As All Flash Arrays begin to accelerate their expanding footprint and mindshare in corporate data centers, a large percentage of customers are asking about the value of placing Exchange databases onto EMC's Scale-Out All Flash Array -- XtremIO. This is an interesting paradoxical scenario. At first blush, you might believe that Exchange needs "lots of capacity" and at the same time, the latest versions (2010, 2013, and 2016) have relatively "low performance" requirements compared to earlier versions. In fact, when running in Cached Mode (connections made and managed via Client Access Servers), the IO requirements seem to be down-right unimportant. Why would customers be interesting in an all-flash storage option for Exchange? The better question is, how can we help them understand the value of using EMC's Scale-Out All Flash Array to support their Exchange implementation?
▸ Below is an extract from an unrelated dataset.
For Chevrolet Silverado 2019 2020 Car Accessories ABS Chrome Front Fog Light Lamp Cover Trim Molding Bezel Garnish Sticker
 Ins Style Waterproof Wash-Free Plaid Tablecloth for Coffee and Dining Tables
In this blog post, I will share:
- The state of the On-Premises Exchange environment -- challenges, issues, considerations
- IDC's analysis of All Flash Arrays in the Messaging & Collaboration marketplace
- How EMC's XtremIO Array solves IT and Business challenges for Exchange implementations
- Next steps and two trusted analysis techniques for predicting potential success with XtremIO for specific environments
- A sample Total Cost of Ownership model based on 10,000 Exchange users
Here's what we know so far:
1. Retention is the IT term for "Keep everything forever". Storage is cheap, unless you need 144TB of it... or 1.4PB... For every e-mail that is retained in the Active database, it is also stored in the database copies. Studies show that mail storage is growing at a rate of more than 30% YOY. In one customer example of storage growth, the migrated capacity from Exchange 2003 was 72TB back in 2010. That same organization now requires 158TB of capacity after only three years.
2. IT administrators have soured to the notion of a) managing racks-upon-racks of Direct Attached Storage shelves, and b) Exchange Continuous Replication (Database Availability Groups/ DAG) consumes between 2x and 6x the capacity required to store the production copy of email/calendars/contacts. In fact, IT Administrators used to enjoy Single Instance Storage (SIS) provided by versions of Exchange prior to 2010. Most IT Admins report that capacity requirements have multiplied by a factor of 6x after migrating from Exchange 2003 to version 2010. The mail that used to consume 12TB of space in an Exchange 2003 Single Copy Cluster, now consumes 72TB in a three-copy DAG. This explosion of capacity has left most IT Admins disillusioned with keeping mail "on prem"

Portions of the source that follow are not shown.